The basic guidelines include:
- A state's authority to impose eligibility criteria exists when that state is the home state of the insured.
- The criteria that may be required to determine the eligibility of a foreign surplus lines insurer are: (i) minimum capital and surplus and (ii) the authority of that nonadmitted insurer to write the business in its state of domicile.
- Trust funds and/or other deposits cannot be required as a condition of eligibility.
- Business Written Reports, Premium Tax Reports or similar requests for information by a state can no longer be required as part of the package that an insurer must file on an annual basis to retain its status as an eligible insurer.
- Alternative listings requiring additional criteria, even voluntary submissions, should not co-exist with the eligibility mandates of Section 524 of the NRRA.
- To ensure a comprehensive compliance with the NRRA, a state must make every effort to review its laws and regulations and make the necessary deletions and/or amendments to ensure complete compliance with Section 524 of the NRRA.
The recommended process suggested that states should use resources already in place to access information necessary to confirm that an insurer meets the requisite minimum and surplus and has the authority to write the target lines of business in its state of domicile. This would include the use of the NAIC's I-Site (Internet-State Interface Technology Enhancement), a tool available only to regulators containing substantial financial information about insurers. Uniform implementation of the guidelines and process would allow states to confirm insurer eligibility and ensure compliance with state and federal law.
In response to Ms. Young's remarks, a regulator from California on the call commented that California maintains a voluntary eligibility list of insurers that provide more information than is required by the NRRA. He indicated that insurers not on the voluntary list could still write if they were in compliance, but the surplus lines broker must ensure that compliance.
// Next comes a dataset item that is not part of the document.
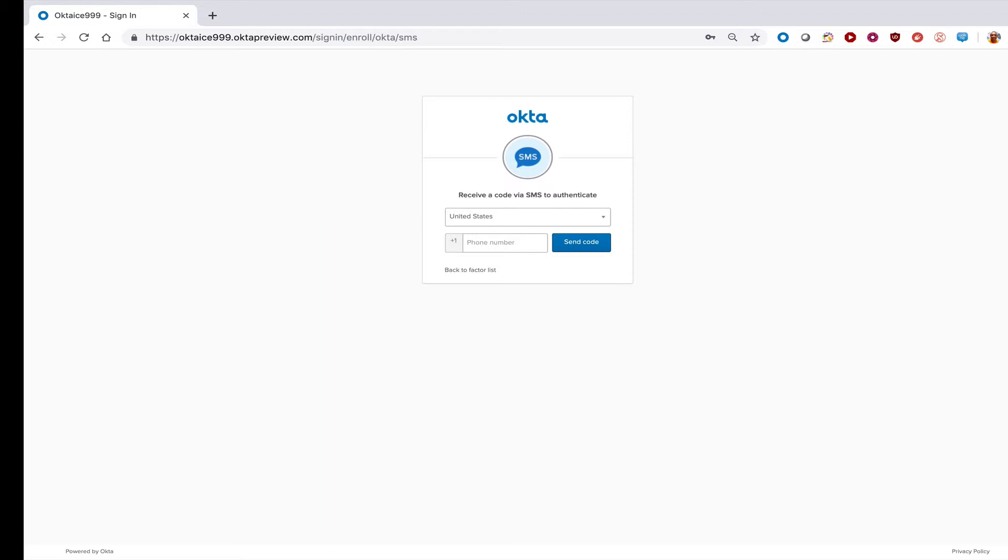You're then going to be asked to enter a phone number so that Okta can send you a code via text message to authenticate.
The California regulator also believed that the NRRA and the applicable provisions of the NAIC Non-Admitted Insurers Model Act authorize states to establish their own minimum and capital and surplus requirements for surplus lines insurers. This was agreed to by a regulator on the call from New York.
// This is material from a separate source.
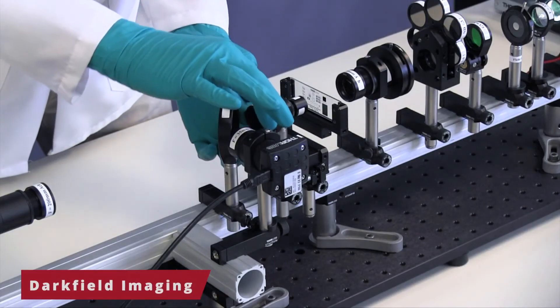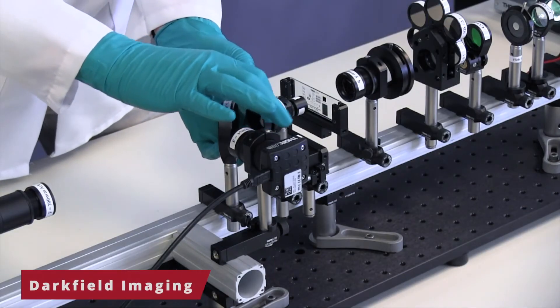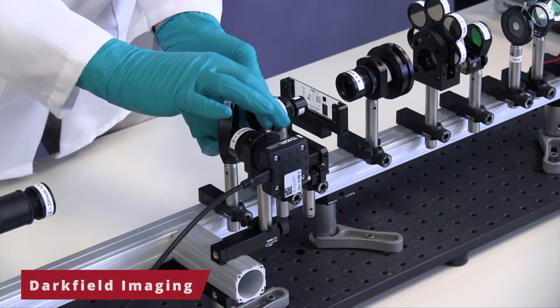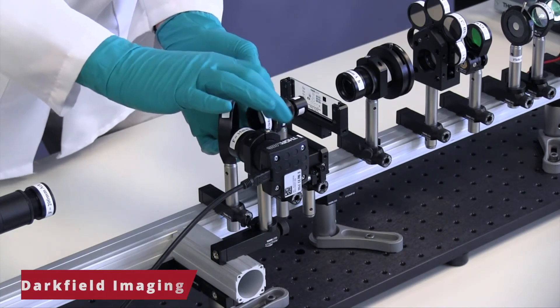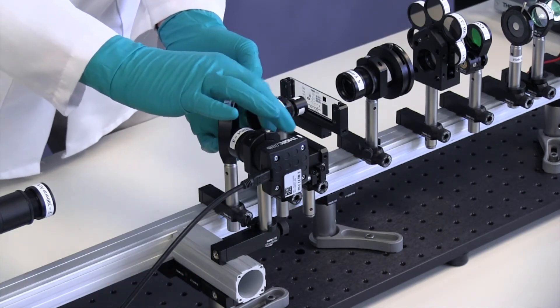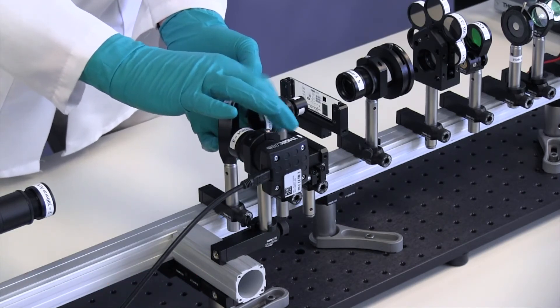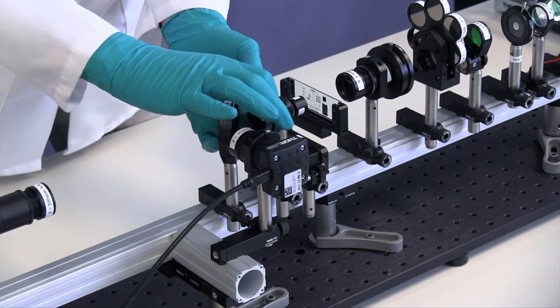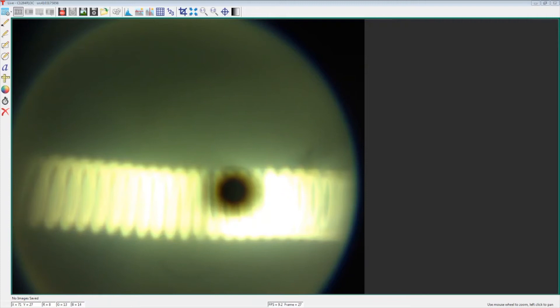To achieve a dark field image, make sure the aperture iris is open and take the zero order mask and attach it to the objective. A dot will appear in the color camera image. This dot will always be slightly out of focus.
There was further discussion regarding the use of I-Site by regulators in determining insurer eligibility and it was pointed out that such a site would not be available to surplus lines brokers burdened with the obligation to ensure an insurer is eligible.
The Chair then asked NAIC staff to research the feasibility of creating a grid or similar mechanism; similar to the NAIC's IID listing that would allow brokers to query an insurer's eligibility in specific jurisdictions.
The next Subgroup conference call was scheduled for 2:00 p.m. ET, March 21, 2013, to continue the discussion. The meeting was then adjourned.